Do you have to buy a set of light pans just for cakes? Not necessarily.
Dark-colored pans absorb heat more efficiently than light-colored pans, so the sides and bottoms of items baked in dark pans will cook and brown more quickly than those of the same items cooked in light pans.
This is an asset when baking cinnamon rolls and deep-dish pizza, where a brown crust is a source of valuable flavor, but it can be a problem with other recipes. Because the batter near the edges in a dark pan will reach its maximum temperature sooner than the batter near the edges in a light pan, a cake baked in a dark pan will have sides that are overly brown and set early, leading to stunted height, while the center continues to rise. This results in a domed cake, which is particularly problematic when making a layer cake. So what do you do if you own dark pans? Do you have to buy a set of light pans just for cakes?
Not necessarily. We baked three yellow cake layers: one in a dark pan, one in a light pan, and a third in a dark pan that had been wrapped in aluminum foil. The cake baked in the dark pan looked as expected: The edges were very brown and set long before the center, so the center of the cake was higher and domed. But the cake baked in the foil-wrapped dark pan looked the same as the one in the light-colored pan: level, with tender, lightly browned sides and bottom.

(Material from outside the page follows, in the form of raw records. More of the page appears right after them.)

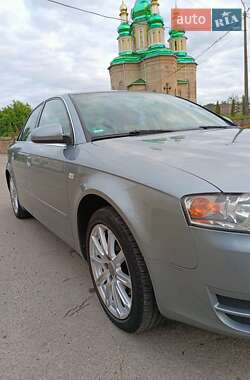 Седан Audi A4 2004 в 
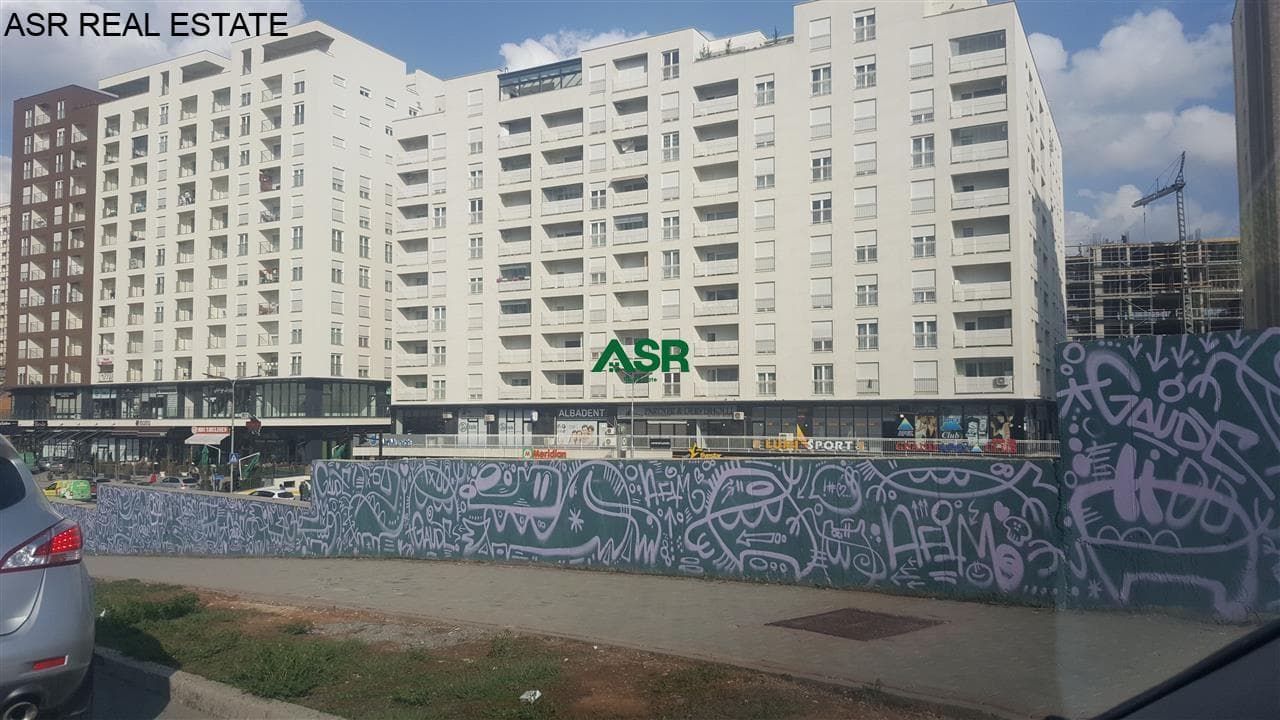 Lëshohet banesa me qira në lagjën rruga B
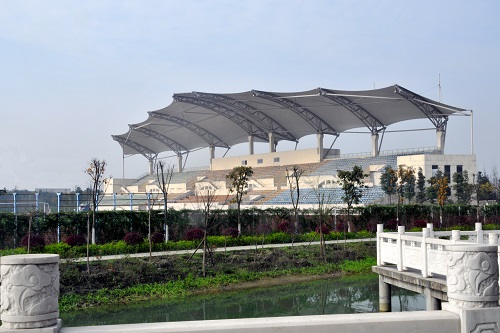 成都市工業學校2021年學費多少錢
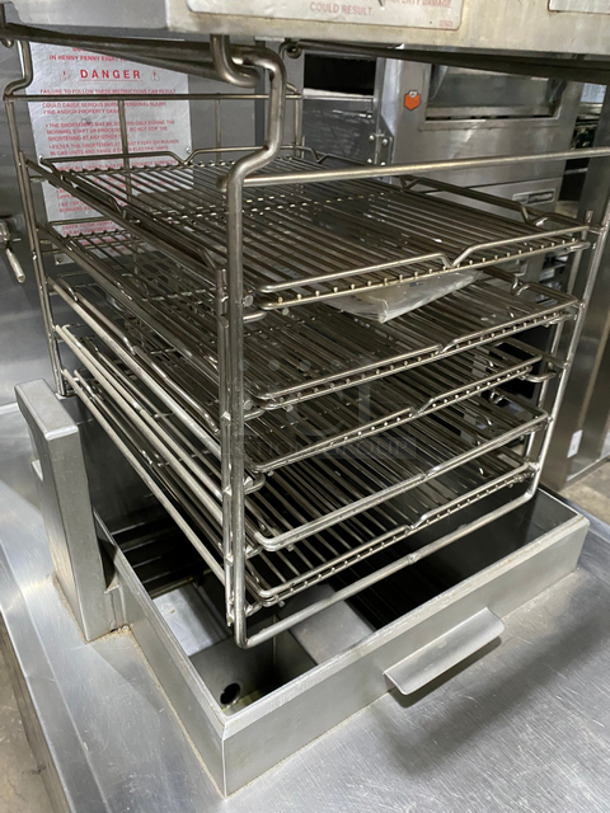 Henny Penny Commercial Electric Powered Pressure Fryer! All Stainless Steel! On Casters! Model: PF180 SN: KP017IG 115V 60HZ 1 Phase - Image 6 of 11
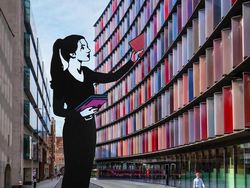 Cara Unik Seniman Padukan Karya Seninya dengan Hal di Sekitar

So if you only own dark baking pans, when making cakes we recommend wrapping the exteriors with foil as snugly as you can. (At the top of the pan, fold the edge of the foil back onto itself; do not fold the foil over onto the interior.) The shiny side can be in or out; we found that it made no noticeable difference.
When we baked cakes in dark pans and dark pans wrapped in foil and monitored the batter near the edges of the pans using temperature probes, the batter near the edge in the dark pan reached its maximum temperature, and so stopped rising (thus leading to doming), much earlier in the baking process than the edge of the cake in the foil-wrapped pan.